WORK TASK: Pick every line from the data that holds the word "Mumbai".

Recorded data:
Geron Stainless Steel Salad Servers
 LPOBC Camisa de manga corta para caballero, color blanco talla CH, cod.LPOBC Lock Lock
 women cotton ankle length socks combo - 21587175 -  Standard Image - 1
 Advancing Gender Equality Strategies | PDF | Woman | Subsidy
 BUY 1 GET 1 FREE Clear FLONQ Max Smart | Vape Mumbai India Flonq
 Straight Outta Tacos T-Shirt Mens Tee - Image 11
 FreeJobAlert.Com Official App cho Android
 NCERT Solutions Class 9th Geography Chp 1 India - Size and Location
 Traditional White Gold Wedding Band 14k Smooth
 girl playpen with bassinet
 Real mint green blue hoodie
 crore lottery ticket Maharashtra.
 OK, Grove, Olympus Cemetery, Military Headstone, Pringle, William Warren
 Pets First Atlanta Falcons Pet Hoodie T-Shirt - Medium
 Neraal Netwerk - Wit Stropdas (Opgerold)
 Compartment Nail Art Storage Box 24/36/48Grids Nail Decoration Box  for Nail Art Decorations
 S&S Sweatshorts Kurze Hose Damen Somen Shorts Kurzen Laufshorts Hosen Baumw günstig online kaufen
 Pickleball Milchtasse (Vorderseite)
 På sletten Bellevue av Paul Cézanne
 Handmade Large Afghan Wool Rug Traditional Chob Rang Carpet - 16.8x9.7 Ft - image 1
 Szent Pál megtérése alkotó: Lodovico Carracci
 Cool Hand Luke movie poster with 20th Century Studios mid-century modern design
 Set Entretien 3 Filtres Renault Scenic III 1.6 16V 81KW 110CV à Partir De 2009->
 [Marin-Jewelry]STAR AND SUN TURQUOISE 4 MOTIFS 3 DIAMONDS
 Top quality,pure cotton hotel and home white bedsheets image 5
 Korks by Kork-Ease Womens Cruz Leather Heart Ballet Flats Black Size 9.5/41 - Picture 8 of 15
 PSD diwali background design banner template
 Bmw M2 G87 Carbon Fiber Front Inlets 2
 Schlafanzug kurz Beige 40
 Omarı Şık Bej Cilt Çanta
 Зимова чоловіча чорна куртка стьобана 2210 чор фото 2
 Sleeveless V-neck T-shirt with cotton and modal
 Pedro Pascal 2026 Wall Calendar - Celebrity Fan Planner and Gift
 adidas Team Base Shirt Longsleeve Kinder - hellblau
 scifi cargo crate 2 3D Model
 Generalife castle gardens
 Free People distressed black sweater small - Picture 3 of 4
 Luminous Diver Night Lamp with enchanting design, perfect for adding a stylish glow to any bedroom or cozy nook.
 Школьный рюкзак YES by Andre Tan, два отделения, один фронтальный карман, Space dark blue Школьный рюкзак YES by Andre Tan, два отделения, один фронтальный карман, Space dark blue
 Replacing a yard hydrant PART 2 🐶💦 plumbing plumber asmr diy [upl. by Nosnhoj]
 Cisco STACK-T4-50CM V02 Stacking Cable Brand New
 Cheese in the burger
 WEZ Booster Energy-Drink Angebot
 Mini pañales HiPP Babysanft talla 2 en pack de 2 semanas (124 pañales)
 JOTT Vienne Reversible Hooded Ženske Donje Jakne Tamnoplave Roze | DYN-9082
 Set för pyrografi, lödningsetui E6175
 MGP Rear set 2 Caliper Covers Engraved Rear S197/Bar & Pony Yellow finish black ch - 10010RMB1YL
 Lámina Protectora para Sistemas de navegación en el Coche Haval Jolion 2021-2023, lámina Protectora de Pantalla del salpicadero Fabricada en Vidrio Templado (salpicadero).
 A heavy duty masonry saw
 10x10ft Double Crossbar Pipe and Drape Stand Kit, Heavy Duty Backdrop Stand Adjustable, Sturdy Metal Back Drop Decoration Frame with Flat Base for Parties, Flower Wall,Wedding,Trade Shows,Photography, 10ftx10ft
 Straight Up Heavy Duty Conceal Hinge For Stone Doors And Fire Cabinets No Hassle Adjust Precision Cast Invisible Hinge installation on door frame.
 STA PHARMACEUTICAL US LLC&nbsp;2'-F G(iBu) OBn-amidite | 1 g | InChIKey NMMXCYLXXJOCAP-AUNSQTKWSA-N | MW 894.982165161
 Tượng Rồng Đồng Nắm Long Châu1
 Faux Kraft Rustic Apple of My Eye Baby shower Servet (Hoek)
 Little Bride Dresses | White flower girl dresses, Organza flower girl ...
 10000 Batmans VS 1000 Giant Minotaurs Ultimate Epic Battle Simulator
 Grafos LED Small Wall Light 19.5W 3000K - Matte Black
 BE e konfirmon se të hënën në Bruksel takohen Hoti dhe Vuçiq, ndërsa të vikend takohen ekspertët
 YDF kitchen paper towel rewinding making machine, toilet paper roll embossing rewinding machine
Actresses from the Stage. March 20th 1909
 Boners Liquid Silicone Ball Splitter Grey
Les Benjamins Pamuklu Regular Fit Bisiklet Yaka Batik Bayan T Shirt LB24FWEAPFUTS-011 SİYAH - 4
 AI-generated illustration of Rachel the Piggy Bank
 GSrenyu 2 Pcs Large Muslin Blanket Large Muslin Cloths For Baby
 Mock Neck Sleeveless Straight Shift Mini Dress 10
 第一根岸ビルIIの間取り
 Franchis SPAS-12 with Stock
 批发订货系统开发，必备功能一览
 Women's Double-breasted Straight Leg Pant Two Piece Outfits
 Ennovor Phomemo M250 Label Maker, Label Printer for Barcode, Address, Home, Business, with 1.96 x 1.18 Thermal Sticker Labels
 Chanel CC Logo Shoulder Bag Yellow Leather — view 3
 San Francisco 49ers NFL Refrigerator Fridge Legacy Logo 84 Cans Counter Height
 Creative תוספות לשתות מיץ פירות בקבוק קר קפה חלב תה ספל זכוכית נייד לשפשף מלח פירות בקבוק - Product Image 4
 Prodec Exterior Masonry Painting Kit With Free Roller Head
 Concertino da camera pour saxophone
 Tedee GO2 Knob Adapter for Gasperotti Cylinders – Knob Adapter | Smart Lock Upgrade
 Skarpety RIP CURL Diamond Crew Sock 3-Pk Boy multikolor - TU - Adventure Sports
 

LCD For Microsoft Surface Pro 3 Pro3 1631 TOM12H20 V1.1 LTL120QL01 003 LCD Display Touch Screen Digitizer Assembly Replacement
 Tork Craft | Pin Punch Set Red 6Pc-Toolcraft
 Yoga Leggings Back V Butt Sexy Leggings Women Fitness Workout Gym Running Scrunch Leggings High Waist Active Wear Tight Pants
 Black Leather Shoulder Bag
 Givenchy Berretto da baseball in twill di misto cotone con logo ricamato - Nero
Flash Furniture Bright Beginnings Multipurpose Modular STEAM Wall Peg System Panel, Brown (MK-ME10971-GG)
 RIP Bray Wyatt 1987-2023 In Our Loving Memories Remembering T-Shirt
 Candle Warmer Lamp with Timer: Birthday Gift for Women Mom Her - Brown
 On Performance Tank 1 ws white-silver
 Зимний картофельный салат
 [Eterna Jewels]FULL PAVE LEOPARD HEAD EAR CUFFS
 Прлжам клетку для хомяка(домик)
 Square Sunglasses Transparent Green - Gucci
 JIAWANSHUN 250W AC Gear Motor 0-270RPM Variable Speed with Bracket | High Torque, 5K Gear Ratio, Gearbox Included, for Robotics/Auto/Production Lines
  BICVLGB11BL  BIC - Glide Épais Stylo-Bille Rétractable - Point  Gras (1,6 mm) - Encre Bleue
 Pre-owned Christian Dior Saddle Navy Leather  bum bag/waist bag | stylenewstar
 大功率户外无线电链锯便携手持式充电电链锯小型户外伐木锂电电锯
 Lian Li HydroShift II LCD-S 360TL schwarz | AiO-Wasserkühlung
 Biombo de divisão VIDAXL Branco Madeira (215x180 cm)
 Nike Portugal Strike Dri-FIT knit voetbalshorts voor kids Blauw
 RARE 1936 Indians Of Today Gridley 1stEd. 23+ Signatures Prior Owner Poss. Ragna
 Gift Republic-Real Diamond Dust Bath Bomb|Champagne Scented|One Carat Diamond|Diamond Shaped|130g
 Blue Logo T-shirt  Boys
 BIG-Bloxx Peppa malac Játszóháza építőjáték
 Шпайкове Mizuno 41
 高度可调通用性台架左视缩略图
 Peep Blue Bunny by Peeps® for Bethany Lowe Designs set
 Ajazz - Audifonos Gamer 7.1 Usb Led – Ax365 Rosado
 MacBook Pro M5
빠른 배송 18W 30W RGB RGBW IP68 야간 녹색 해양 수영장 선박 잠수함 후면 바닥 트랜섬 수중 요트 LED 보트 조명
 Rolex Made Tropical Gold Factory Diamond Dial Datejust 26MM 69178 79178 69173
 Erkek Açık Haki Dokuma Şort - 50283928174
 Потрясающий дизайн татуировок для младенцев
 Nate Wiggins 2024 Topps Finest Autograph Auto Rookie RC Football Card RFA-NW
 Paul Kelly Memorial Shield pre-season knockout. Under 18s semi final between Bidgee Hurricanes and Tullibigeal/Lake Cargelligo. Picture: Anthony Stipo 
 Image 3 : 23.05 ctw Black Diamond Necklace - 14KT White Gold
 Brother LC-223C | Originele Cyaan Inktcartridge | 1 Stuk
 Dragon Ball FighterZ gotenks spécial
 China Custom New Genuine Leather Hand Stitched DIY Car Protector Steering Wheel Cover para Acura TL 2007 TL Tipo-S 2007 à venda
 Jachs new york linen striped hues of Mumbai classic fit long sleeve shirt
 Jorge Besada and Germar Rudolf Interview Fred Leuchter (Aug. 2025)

ANSWER TO THE PROBLEM:
 BUY 1 GET 1 FREE Clear FLONQ Max Smart | Vape Mumbai India Flonq
 Jachs new york linen striped hues of Mumbai classic fit long sleeve shirt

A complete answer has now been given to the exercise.